◆ Data section:
····················

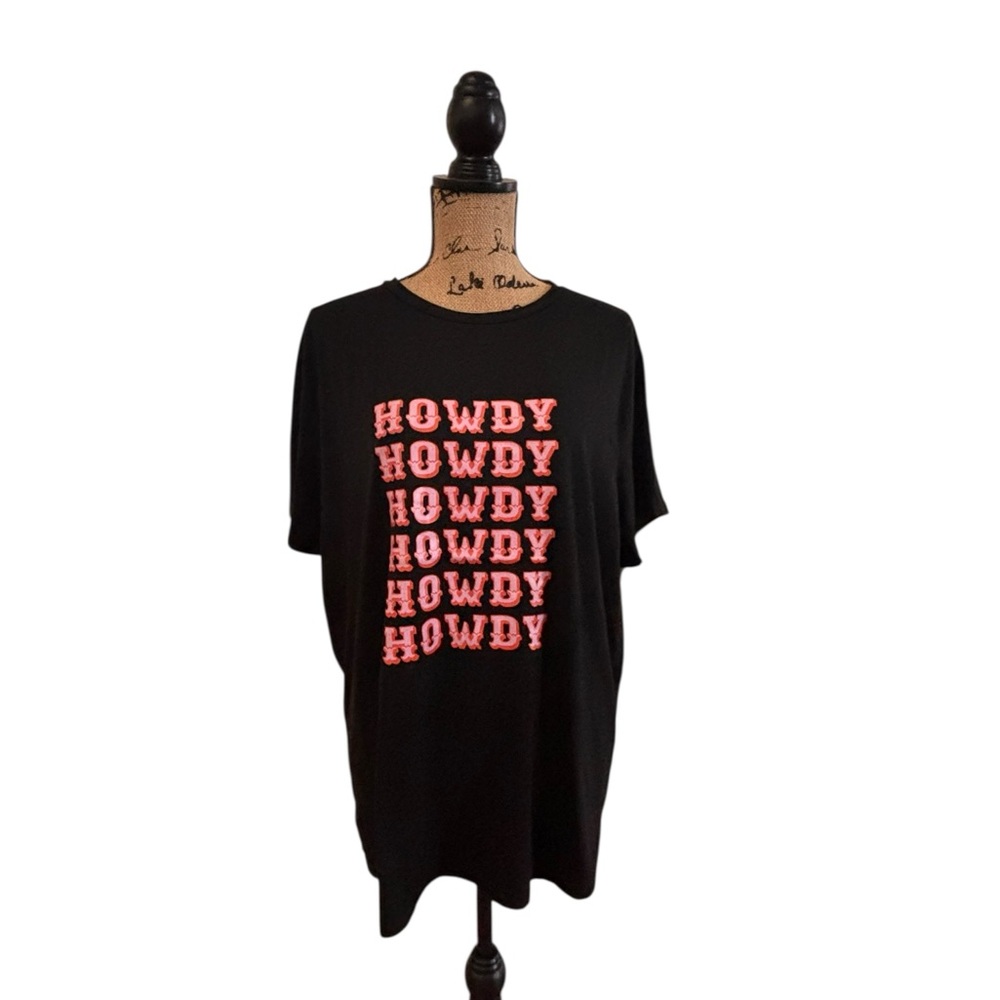 SHEIN Curve Black Howdy Oversized T Shirt 2XL  10 0514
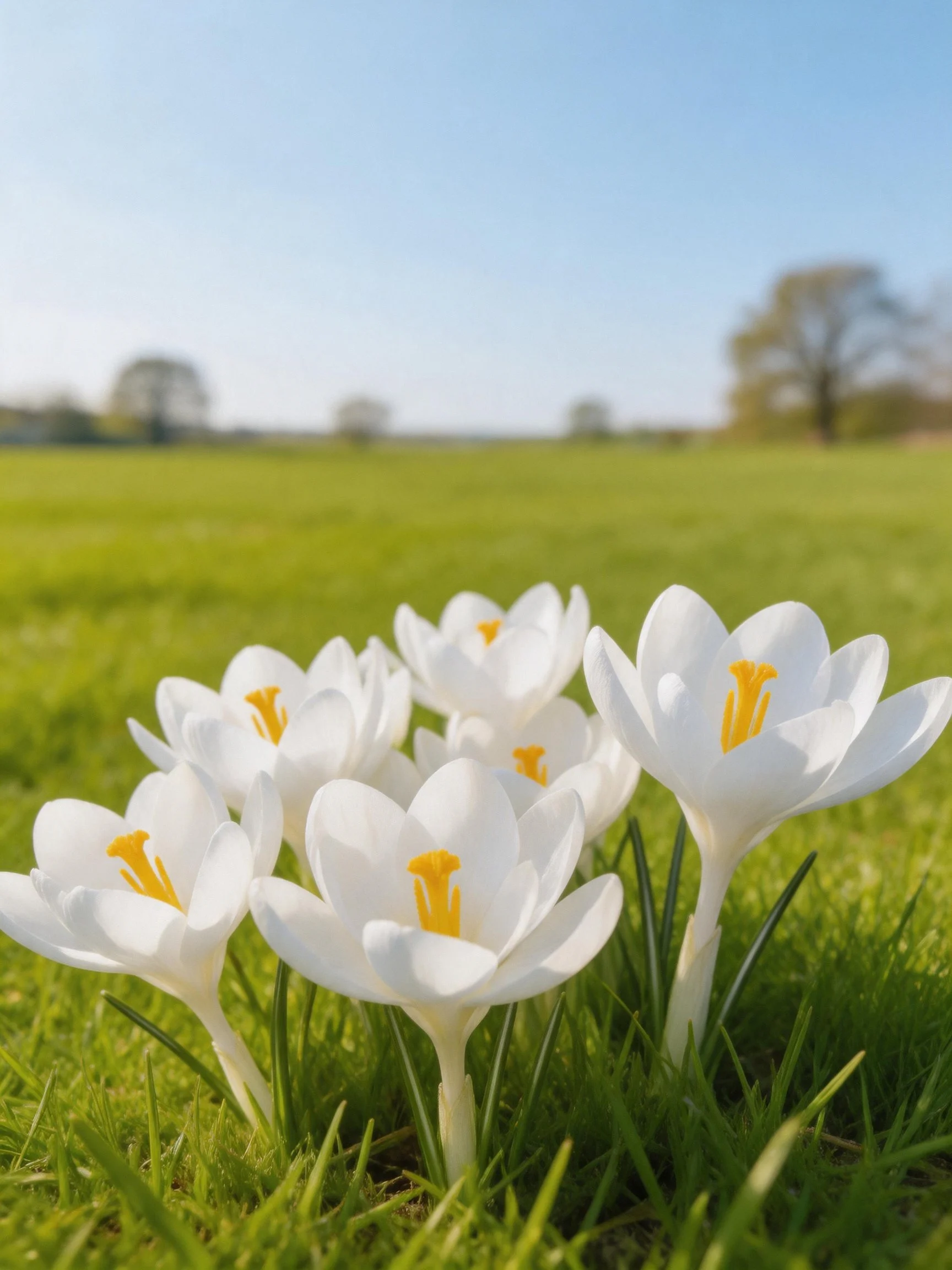 White crocus flowers cluster in a sunlit green field
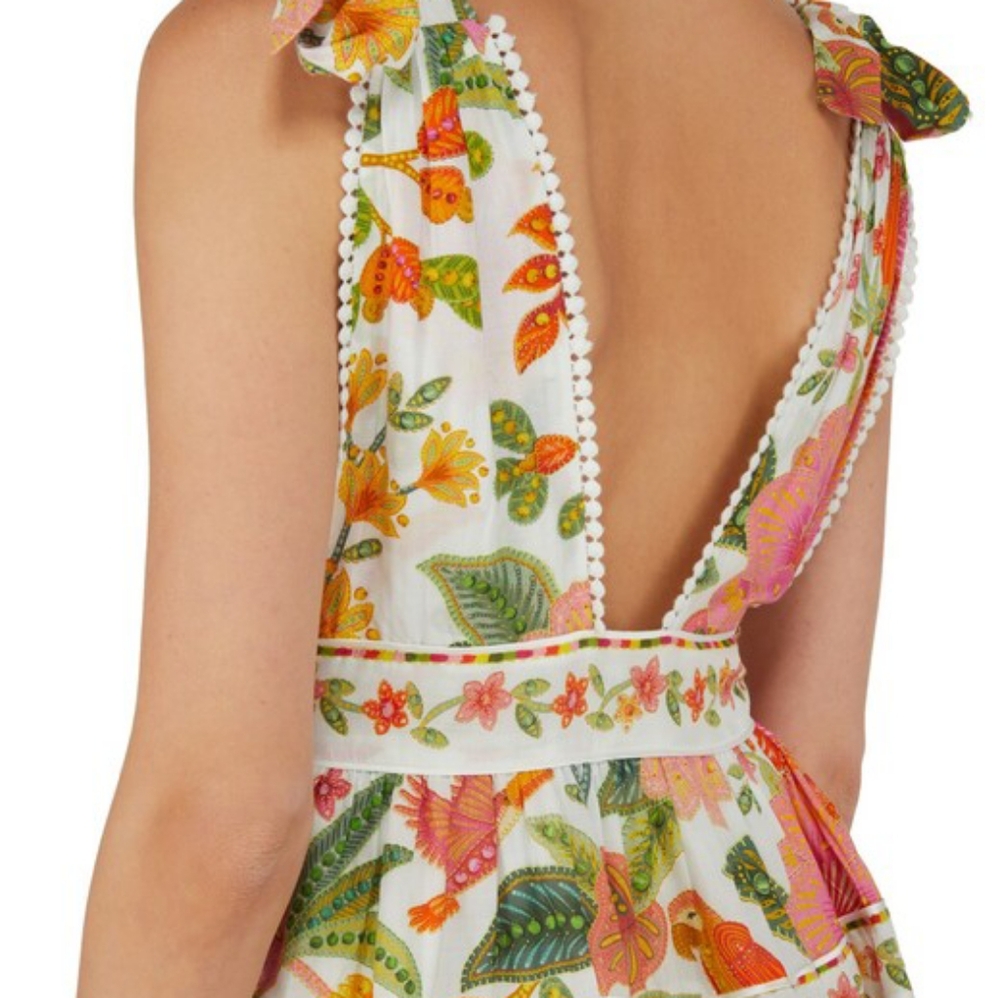 FARM Rio White Floral Mini Dress with Pink, Orange and Green Accents - Picture 2 of 7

····················

Each line above should be set down exactly as written, with pictures excluded.

 SHEIN Curve Black Howdy Oversized T Shirt 2XL  10 0514
 White crocus flowers cluster in a sunlit green field
 FARM Rio White Floral Mini Dress with Pink, Orange and Green Accents - Picture 2 of 7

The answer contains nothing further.